%%

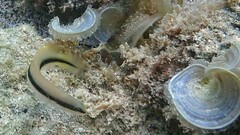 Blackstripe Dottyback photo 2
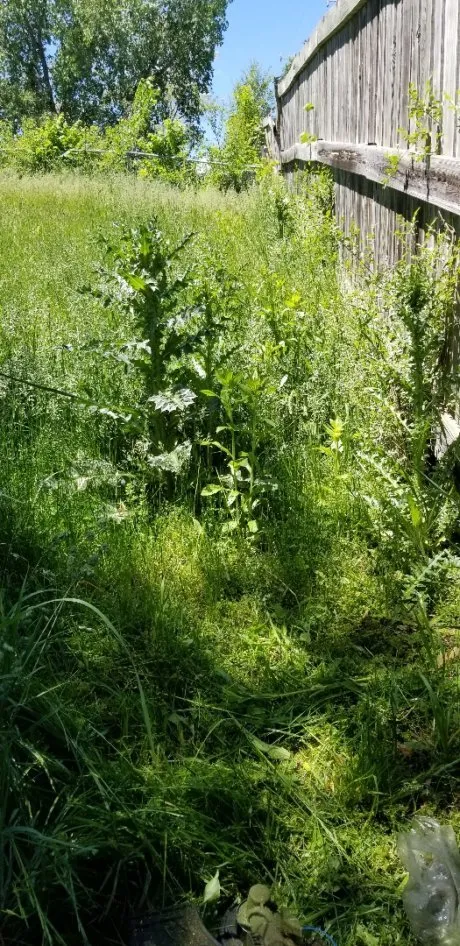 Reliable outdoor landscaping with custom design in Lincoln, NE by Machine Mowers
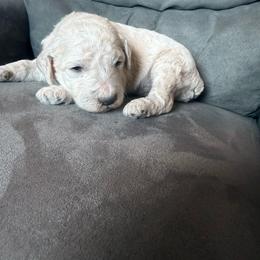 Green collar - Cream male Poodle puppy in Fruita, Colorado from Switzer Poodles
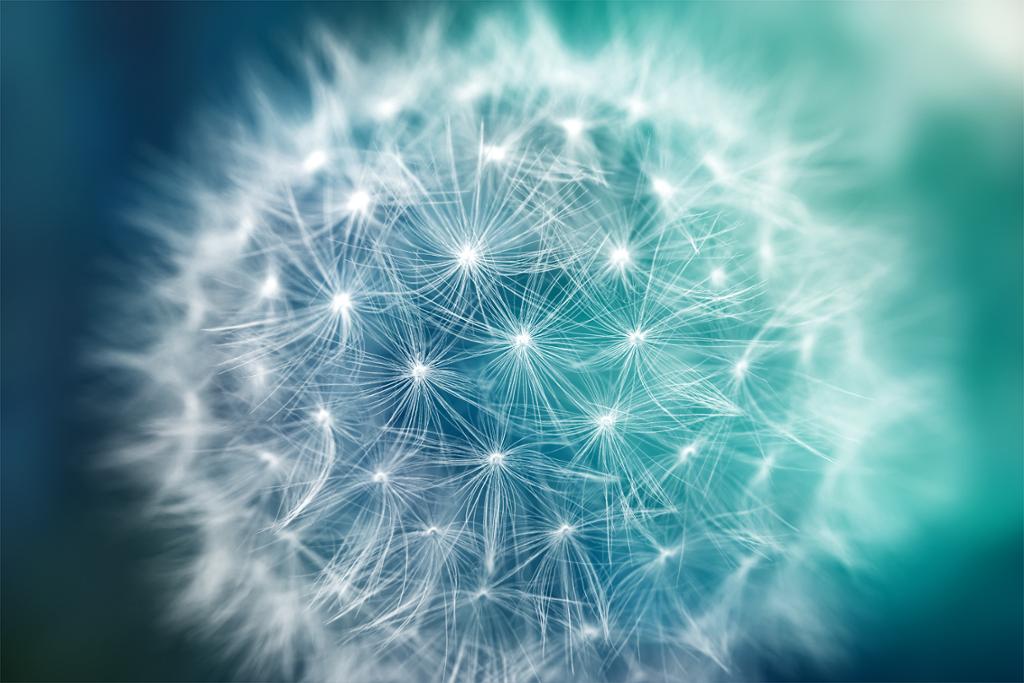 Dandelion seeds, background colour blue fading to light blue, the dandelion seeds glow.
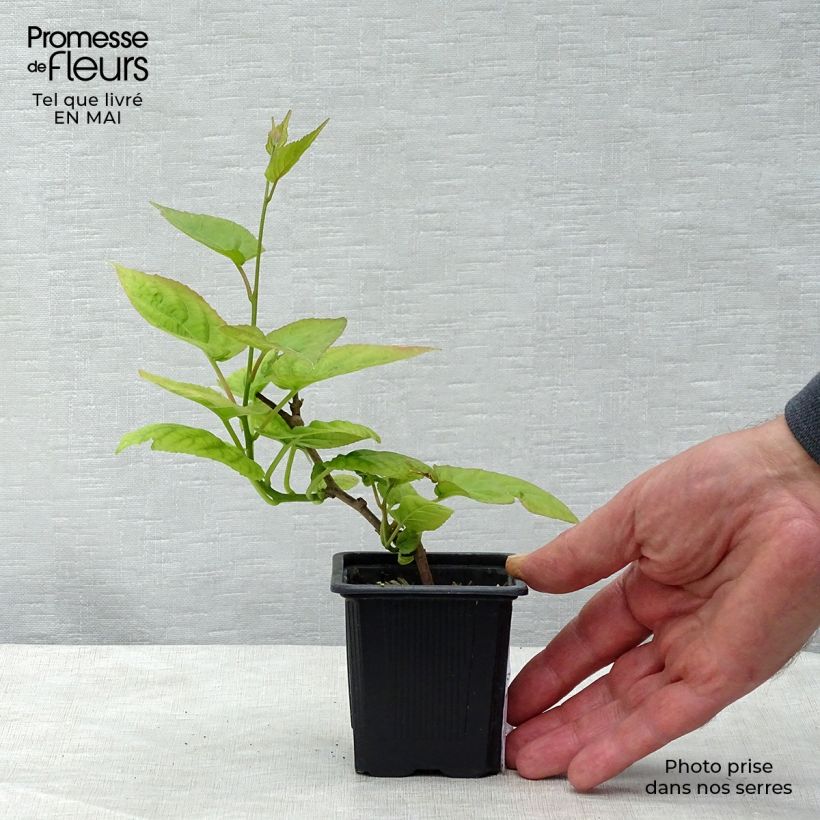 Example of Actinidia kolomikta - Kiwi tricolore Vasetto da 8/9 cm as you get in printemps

%%

__What is needed__
Reproduce all the material exactly, omitting images.

__Written response__
 Blackstripe Dottyback photo 2
 Reliable outdoor landscaping with custom design in Lincoln, NE by Machine Mowers
 Green collar - Cream male Poodle puppy in Fruita, Colorado from Switzer Poodles
 Dandelion seeds, background colour blue fading to light blue, the dandelion seeds glow.
 Example of Actinidia kolomikta - Kiwi tricolore Vasetto da 8/9 cm as you get in printemps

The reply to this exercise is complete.